# Chapter One: An Acoustics Primer

#### 7. What is amplitude? | Page 2

Amplitude, power and intensity are correlative components of sound over time, area and distance respectively. Below, we will see how these three phenomena correspond.

Amplitude is a measurement of the magnitude of displacement (or maximum disturbance) of a medium from its resting state, as diagrammed in the peak deviation example below. It can also be a measurement of an electrical signal's increased or decreased strength above or below a nominal state. If you are watching your speaker woofer create a minute disturbance of air molecules by moving in and out a fraction of an inch from its resting state, and it suddenly starts moving in and out by several inches, you can assume that the amplitude of the sound pressure wave has increased, because the maximum disturbance of the air molecules has increased. In our discussion, we will try and minimize any confusion between mechanical or electronic measurements of amplitude, and amplitude expressed as an acoustic measure of sound pressure. Since this is an acoustics chapter, let's start with the latter.

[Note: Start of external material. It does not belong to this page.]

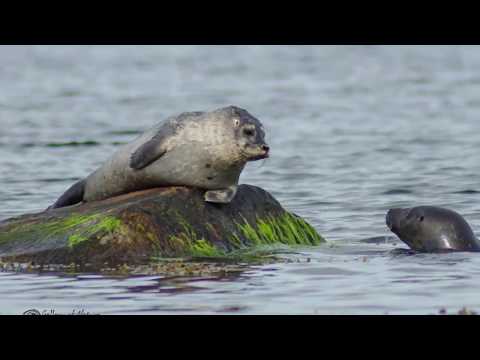 Ronneby Archipelago Sweden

The amplitude of sound pressure is frequently measured in pascals (Pa). One thousand pascals is a kilopascal (kPa). For reference, sea-level air pressure (1 atmosphere) is approximately 100 kPa, close to 15 pounds per square inch, and the pressure measurements we take to express amplitudes are the pressure changes above or below that equilibrium. A micropascal (μPa) is one millionth of a Pascal. ##### Newtons and Pascals

Causing air molecules to move in a particular direction and with a velocity other than their normal state of motion to create a sound pressure wave requires force.

One newton (N) is the amount of force it takes to accelerate a 1-kilogram object by one meter per second per second (m/s2).

One pascal (Pa) is equivalent to the pressure of one newton per square meter (N/m2).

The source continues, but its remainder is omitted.